- [Task] All that is wanted is an exact copy of the lines below, starting at the one that contains "this 780×438 image." and running to the end.

- [Data in this exercise]

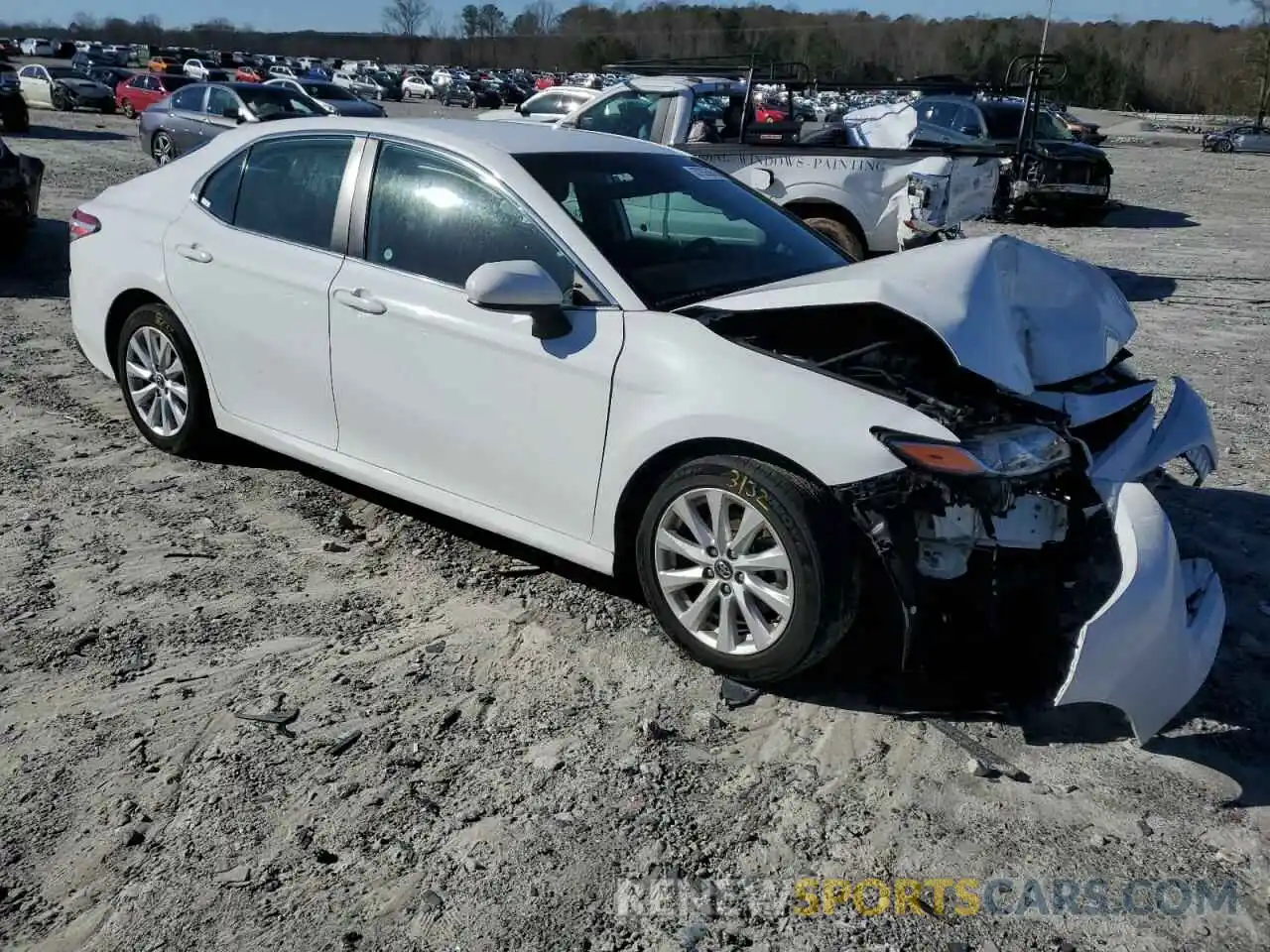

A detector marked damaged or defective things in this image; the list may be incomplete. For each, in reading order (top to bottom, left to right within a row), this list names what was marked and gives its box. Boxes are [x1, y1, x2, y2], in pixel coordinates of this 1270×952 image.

crumpled front hood [696, 234, 1143, 396]
damaged white car [69, 119, 1218, 741]
broken headlight [873, 426, 1072, 477]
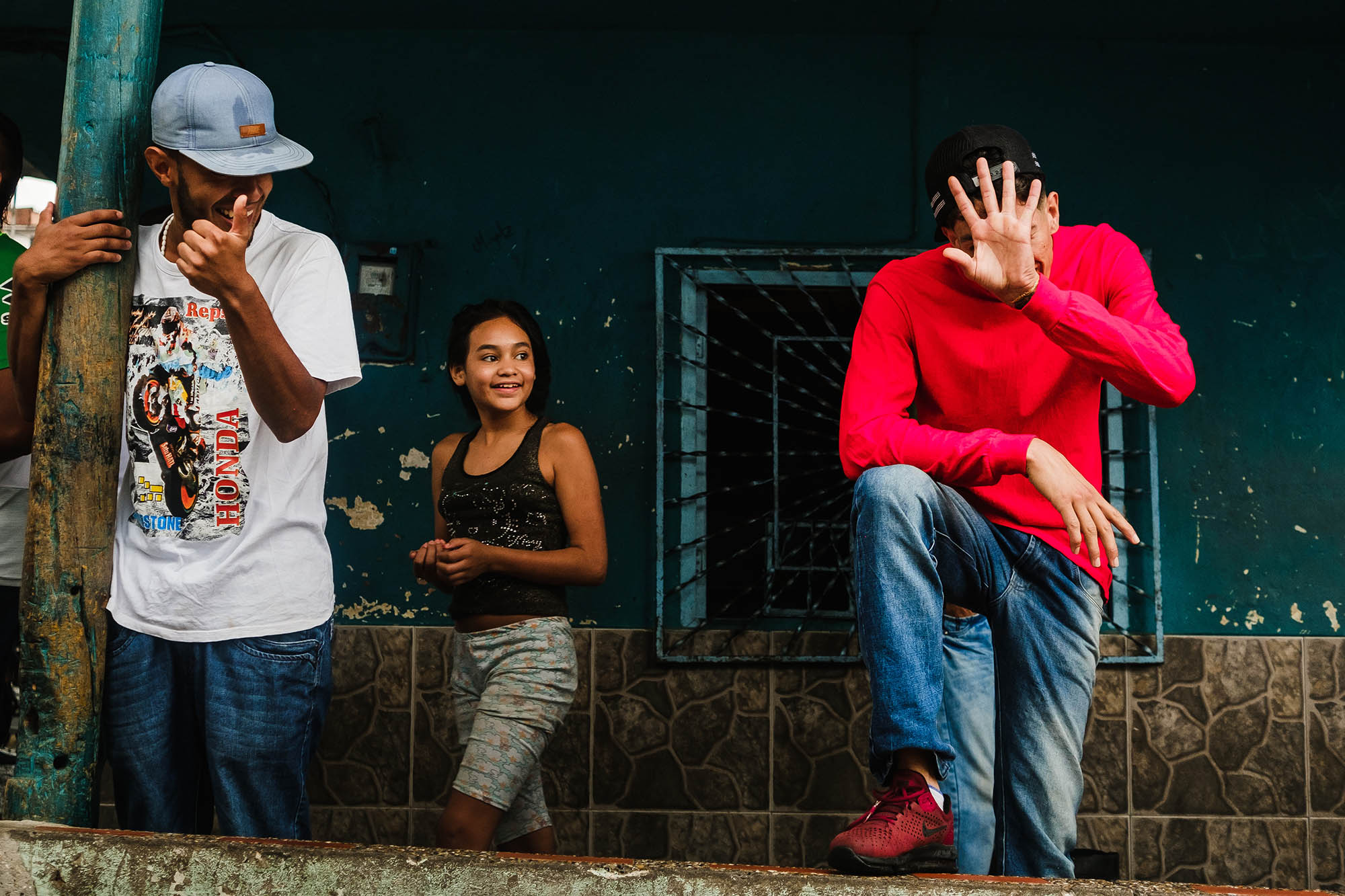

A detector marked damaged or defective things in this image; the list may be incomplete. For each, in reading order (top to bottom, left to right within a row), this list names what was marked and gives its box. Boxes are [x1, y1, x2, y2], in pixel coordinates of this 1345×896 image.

peeling paint on wall [324, 492, 385, 527]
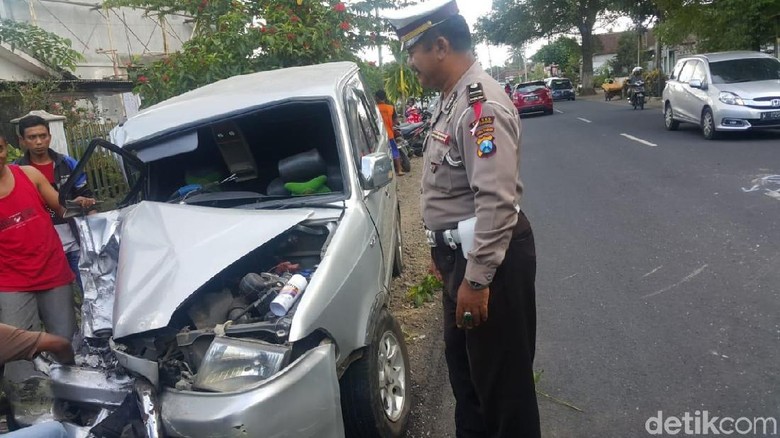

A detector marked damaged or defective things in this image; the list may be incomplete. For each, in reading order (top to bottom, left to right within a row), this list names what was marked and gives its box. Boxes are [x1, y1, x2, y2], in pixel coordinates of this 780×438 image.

damaged silver van [4, 61, 408, 438]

- [Output for this exercise]
A detector marked damaged or defective things in this image; the list may be incomplete. For each, in reading order (top to bottom, left to right within a row), this list names what was marked and gives its box. Boxes are [x1, y1, x2, y2], in pixel coordinates of this 780×438 image.

damaged silver van [4, 61, 408, 438]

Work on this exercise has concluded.